I. Historical Origins and Structure
In 1966, the Indian Education Commission conducted a “detailed analysis of trends regarding economic growth, population growth, growth in enrollment, and expenditure per student and ultimately suggested that 6% of India’s GDP be allocated towards education” (Tilak, 2006, p. 613). Not only did this investment benchmark meet the needs of the Indian population, but also it was comparable to that of other advanced economies. The Indian government accepted the commission’s suggestion to allocate 6% of GDP towards education. However, India never reached this allocation target despite subsequent recommendations in the National Education Policies of India in 1968, 1986 and 1992 of 6% (Patel & Annapoorna, 2019, p. 97) (see Figure 1).
Figure 1
Share of Government Expenditure on Education Relative to GDP
Note: This figure demonstrates India’s long standing failure to allocate 6% of GDP towards education dating back to 1950. India made progress towards the 6% allocation benchmark between 1950 and 1998, but these efforts faltered in recent decades. The data from 1950 through 2005 is from “On Allocating 6 per cent of GDP to Education”, by J. Tilak, p. 613, 2006. The data from 2006 through 2013 is from “Indian Government Expenditure on Education”, by the World Bank, 2020.
Inadequate public education spending has resulted in insufficient infrastructure and resources. Recent research found that “there is a teacher shortage of 689,000 teachers in primary schools, only 53 percent of schools have functional girls’ toilets and 74 percent have access to drinking water” (Sahni, 2017). These shortages, amongst other factors, are why India ranks 116th out of 174 countries in the World Bank’s Human Capital Index, a measure of how domestic education contributes to productivity across countries (World Bank, 2020).

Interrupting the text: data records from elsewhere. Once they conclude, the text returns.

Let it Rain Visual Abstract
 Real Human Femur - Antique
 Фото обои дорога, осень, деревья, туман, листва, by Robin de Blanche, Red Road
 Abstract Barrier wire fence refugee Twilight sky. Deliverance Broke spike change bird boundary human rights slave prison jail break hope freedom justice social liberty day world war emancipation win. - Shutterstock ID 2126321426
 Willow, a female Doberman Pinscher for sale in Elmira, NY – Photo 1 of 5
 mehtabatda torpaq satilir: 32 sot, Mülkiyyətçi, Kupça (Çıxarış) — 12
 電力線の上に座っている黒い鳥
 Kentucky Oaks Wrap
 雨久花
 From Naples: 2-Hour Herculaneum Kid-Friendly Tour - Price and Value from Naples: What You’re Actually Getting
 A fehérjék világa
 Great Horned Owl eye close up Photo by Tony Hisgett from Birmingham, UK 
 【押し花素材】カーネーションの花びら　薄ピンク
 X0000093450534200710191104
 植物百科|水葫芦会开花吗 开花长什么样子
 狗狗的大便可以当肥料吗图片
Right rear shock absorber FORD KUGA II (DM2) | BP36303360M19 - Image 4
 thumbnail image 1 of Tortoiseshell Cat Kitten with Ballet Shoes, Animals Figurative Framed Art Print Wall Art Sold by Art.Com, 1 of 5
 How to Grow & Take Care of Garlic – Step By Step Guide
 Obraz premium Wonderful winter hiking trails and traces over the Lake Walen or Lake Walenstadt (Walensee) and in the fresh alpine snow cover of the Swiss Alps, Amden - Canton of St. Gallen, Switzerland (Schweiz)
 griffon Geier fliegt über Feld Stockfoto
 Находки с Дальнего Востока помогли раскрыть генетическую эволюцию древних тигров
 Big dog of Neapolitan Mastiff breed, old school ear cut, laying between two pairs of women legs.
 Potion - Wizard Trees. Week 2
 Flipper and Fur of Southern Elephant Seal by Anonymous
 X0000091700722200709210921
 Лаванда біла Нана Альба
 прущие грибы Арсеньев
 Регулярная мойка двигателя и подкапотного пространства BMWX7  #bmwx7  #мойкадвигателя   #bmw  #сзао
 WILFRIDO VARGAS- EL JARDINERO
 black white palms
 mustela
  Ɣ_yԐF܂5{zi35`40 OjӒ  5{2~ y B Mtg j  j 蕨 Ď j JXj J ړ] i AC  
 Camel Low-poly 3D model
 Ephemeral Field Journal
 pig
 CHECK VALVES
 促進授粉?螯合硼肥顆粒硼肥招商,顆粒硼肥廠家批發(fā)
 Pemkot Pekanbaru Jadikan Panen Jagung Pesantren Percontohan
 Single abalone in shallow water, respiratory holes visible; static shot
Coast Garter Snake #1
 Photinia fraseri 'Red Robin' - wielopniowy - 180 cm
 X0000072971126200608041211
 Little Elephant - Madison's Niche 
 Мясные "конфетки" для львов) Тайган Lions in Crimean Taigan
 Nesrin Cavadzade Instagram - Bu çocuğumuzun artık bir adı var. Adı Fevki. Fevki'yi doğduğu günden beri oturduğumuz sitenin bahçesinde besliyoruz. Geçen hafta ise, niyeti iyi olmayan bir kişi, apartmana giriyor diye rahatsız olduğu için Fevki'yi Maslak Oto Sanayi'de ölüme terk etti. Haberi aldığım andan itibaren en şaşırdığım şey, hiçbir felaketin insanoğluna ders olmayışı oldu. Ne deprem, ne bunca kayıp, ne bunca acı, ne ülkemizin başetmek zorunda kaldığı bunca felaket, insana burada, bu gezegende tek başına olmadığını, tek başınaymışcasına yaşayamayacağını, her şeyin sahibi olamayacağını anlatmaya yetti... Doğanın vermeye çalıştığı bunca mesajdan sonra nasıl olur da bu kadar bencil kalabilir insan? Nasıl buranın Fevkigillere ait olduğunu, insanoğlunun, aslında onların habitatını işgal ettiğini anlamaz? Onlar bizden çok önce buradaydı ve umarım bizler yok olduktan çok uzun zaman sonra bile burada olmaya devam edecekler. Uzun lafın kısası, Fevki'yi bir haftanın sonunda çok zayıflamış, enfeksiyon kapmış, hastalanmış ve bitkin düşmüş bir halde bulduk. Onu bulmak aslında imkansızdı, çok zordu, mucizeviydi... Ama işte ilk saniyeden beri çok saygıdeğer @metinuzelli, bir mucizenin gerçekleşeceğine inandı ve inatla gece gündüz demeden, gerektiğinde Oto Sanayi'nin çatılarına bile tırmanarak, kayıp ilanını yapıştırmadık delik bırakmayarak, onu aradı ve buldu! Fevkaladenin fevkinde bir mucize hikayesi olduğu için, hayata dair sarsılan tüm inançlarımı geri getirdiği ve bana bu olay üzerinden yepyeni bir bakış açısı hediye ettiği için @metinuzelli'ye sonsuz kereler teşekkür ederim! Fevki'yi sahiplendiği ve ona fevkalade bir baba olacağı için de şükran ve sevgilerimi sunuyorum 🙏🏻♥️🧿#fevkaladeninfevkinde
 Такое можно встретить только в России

Over the past twenty years, private sector impact investing has helped bridge a critical financing gap within Indian education. While impact investing can occur across sectors, education stood out as the sector where the most impact investors had made investments in India (Ravi et al, 2019, p. 19). This is likely due to inadequate public funding in the sector, which leaves ample opportunities for private sector funding to support socially-effective interventions. One example of private sector intervention is the “mushrooming of the private school sector which can be attributed to the lack of government schools, and desire of parents for instruction in English” (Tooley & Dixon, 2007, p. 16).
While impact investing has emerged as an effective tool to support education, Indian impact investors face a multitude of challenges, partly due to the nacency of the field. They identify exit opportunities, capital allocation across the risk-return spectrum, and impact measurement as the most significant challenges (Ravi et al, 2019, p. 19) (Figure 2). Exit opportunities and capital allocation are associated with financial returns, but there is potential in impact measurement to materially strengthen student learning and create systemic change. Thus, this paper explores impact measurement.
Figure 2
Challenges Faced by Indian impact investors
Note: This figure highlights the challenge impact investors face when it comes to impact measurement in India. Nearly 30% of those surveyed listed “impact measurement” as a significant challenge. Reprinted from “The Promise of Impact Investing in India”, by Ravi et al, 2019, p. 19, The Brookings Institute.
II: Education Impact Investing: The Challenge with Singular, Academic Metric Reporting
Singular, academic metrics are often used to measure the impact of education investments. These metrics can mask and neglect deeper structural issues. Because of India’s underfunded education system and legacy of social discrimination, it is imperative that impact investors revise their measuring frameworks to understand and combat structural issues within the education sector.
In the status quo, education impact measurement often utilizes single, academic metrics. By definition, impact investing “includes only those investments that have a clearly defined intentionality for achieving measurable impact” (Ravi et al, 2019, p. 10). Thus, when it comes to measuring impact, investors will often choose to track easily quantifiable metrics such as test scores. One India-based impact firm, Acumen, made a 2015 investment in Vikalp, a experiential math curriculum (Acumen, 2020). Today, the firm cites that Vikalp increased student math exam performance “up to 50%” as a way to demonstrate the curriculum’s impact. Asha Impact, another India-based impact firm, invested in Avanti, a curriculum that supports students preparing for college entrance exams. To demonstrate the impact of this company, Asha Impact cites that “44% of Avanti’s students cleared the [entrance] exam” (Asha Impact, 2021). While these measuring strategies demonstrate improved test performance on the aggregate, they neglect and propagate structural issues that may negatively impact student outcomes.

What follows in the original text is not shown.